« Il fallait un appui continu pour parler de développement »
Il y a 25 ans, Mia Adams lançait l'idée de ADA - Appui au Développement Autonome - une organisation pour le développement qui fournirait un appui aux plus pauvres pour qu'ils puissent donner vie à leur projets. Nous l'avons interviewée.
C’est à vous que l’on doit la fondation de ADA le 11 mai 1994. Comment vous est venue cette idée ?
Avant ADA, j’étais déjà impliquée dans l’aide au développement, d’abord parce que j’ai eu la chance d’accompagner mon mari, alors fonctionnaire de la banque Mondiale, dans des projets en Afrique, puis j’ai travaillé dans le cadre de l’ONG Frères des Hommes. Je me suis alors rendue compte que l’aide « gratuite » sous forme de dons et de projets conçus par des donateurs créait plus d’habitués à recevoir de l’aide que des gens actifs, souhaitant changer réellement quelque chose dans leur vie. J’ai donc commencé par rédiger quelques articles dans des magazines pour faire passer un message, en disant : « il faut couper cette assistance ». Je n’étais pas à l’aise avec le fait de venir poser de l’argent sur la table en affirmant « on va faire tel projet », sans vraiment se poser la question de son appropriation par la population locale.
Ces faits sont à l’origine de la création de ADA – Appui au Développement Autonome – en mai 1994, une organisation qui se voulait, et le nom le dit bien, un appui, c’est-à-dire un accompagnement dans le temps des projets dont les gens avaient besoin et que eux-mêmes voulaient réaliser. Nous sommes alors passés d’une population assistée à une population active, acteurs de leur propre développement. C’était une manière de responsabiliser les gens, de créer une dynamique venant d’en bas et non pas imposée d’en haut. ADA devait fonctionner comme facilitateur par un appui de l’extérieur, à la fois financier, logistique et par des conseils et formations. Cela impliquait pour ADA d’écouter les gens, de bien étudier leur situation avant d’entamer une collaboration. Ceci imposait une rigueur professionnelle, une expertise, de notre part.

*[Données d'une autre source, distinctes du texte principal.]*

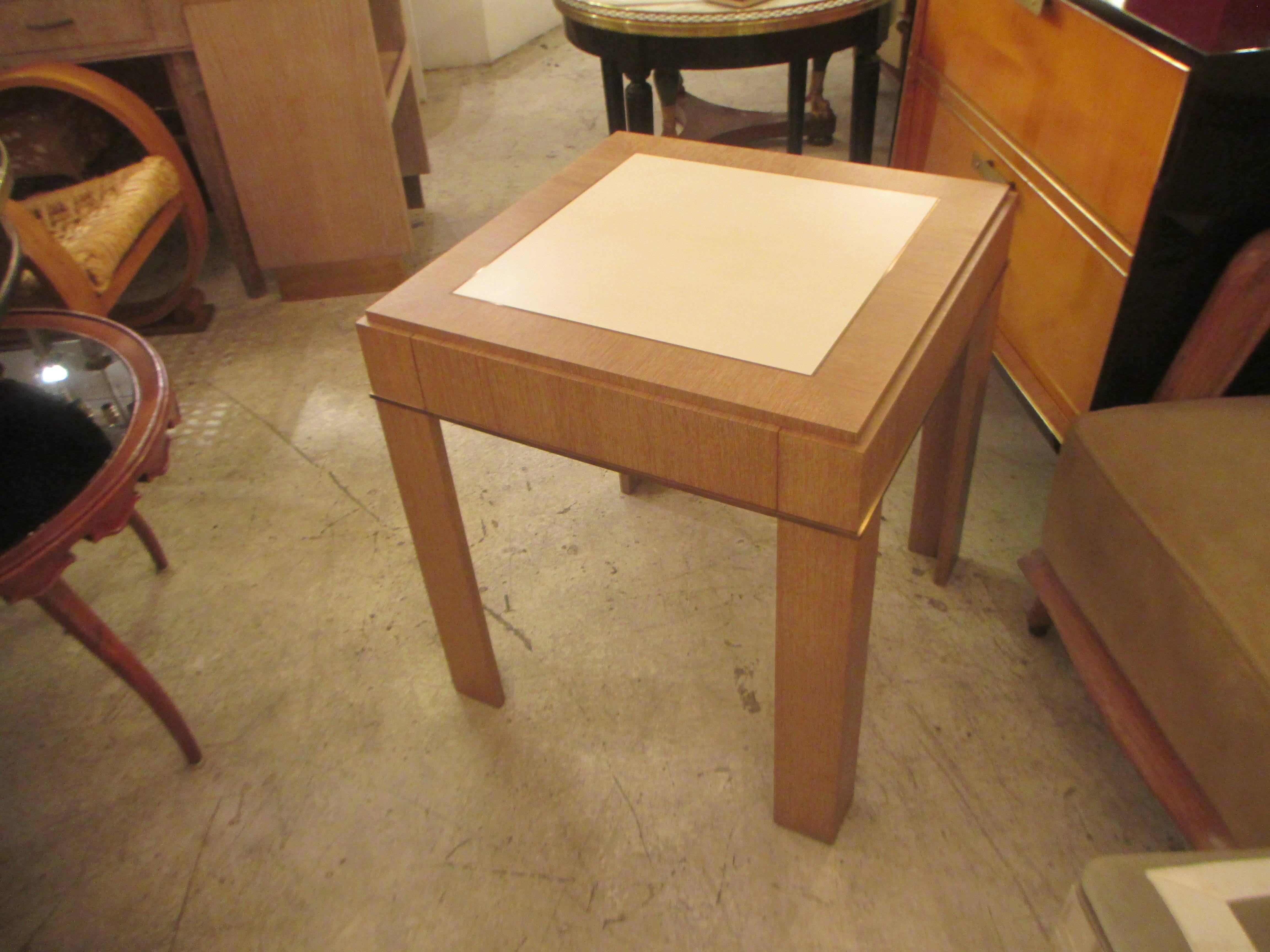 Custom Cerused-Oak Side Table with Parchment Top 2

Les problèmes de développement sont multiples : pour être efficace, il faut se spécialiser. ADA a choisi la microfinance. Ma formation professionnelle d’économiste m’a aidée dans cette analyse. La microfinance impose un travail continu d’analyse et de partage. Dès la première année, grâce à l’esprit d’ouverture du gouvernement luxembourgeois, ADA a publié un périodique d’analyse et de réflexion en microfinance intitulé « Dialogue ». Chaque année, ADA a organisé des séminaires de réflexion avec des organisations du Sud et des organisations spécialisées en microfinance en Europe et ailleurs.

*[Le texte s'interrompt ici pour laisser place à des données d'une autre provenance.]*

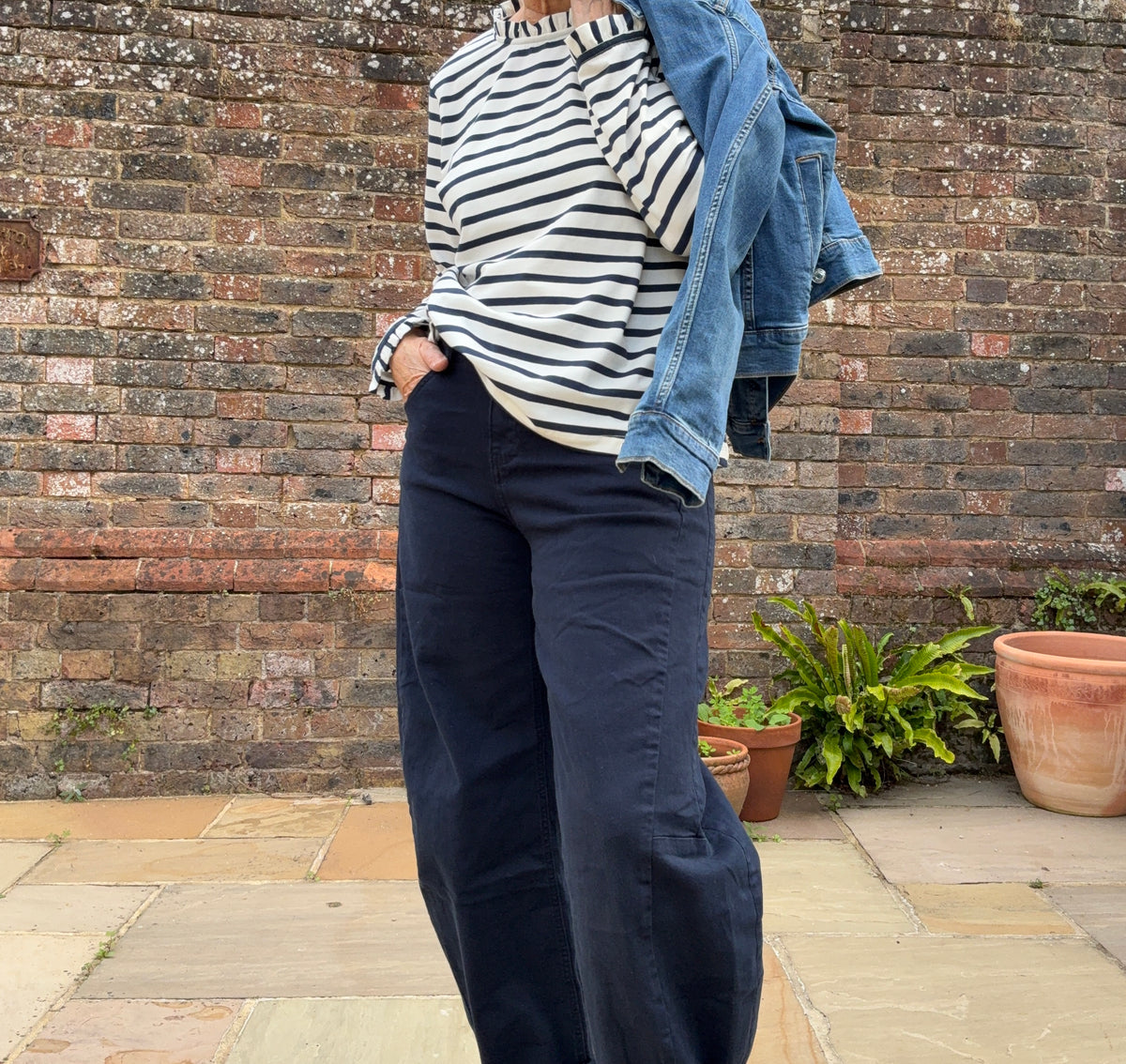 Styling Navy Barrel jeans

Très vite, ADA a su s’insérer dans des réseaux internationaux en microfinance tels que le Microcredit Summit, CGAP, WWB, USAID, Accion, Novib etc. Ceci lui a permis d’enrichir son savoir-faire et de créer des liens. Pour activer les échanges d’expertise, ADA a créé un centre d’étude, d’analyse et de documentation nommé CEREMLUX (Centre de Recherches et d’Etudes en Microfinance à Luxembourg). Ensuite, pour parler de développement, il fallait fournir un appui continu. Or un projet de 4 ans ne mène nulle part. Les premières années, nous avons commencé comme les autres avec de petits projets qui se suivaient, à la différence qu’il y avait une continuité dans nos projets. L’idée d’un développement progressif et continue suppose un accès permanent aux moyens financiers. Afin de faciliter cet accès, ADA a lancé un programme pilote de garanties bancaires permettant à la fois de familiariser le secteur bancaire luxembourgeois avec la microfinance et de favoriser l’accès aux partenaires du Sud aux financements de leurs banques locales.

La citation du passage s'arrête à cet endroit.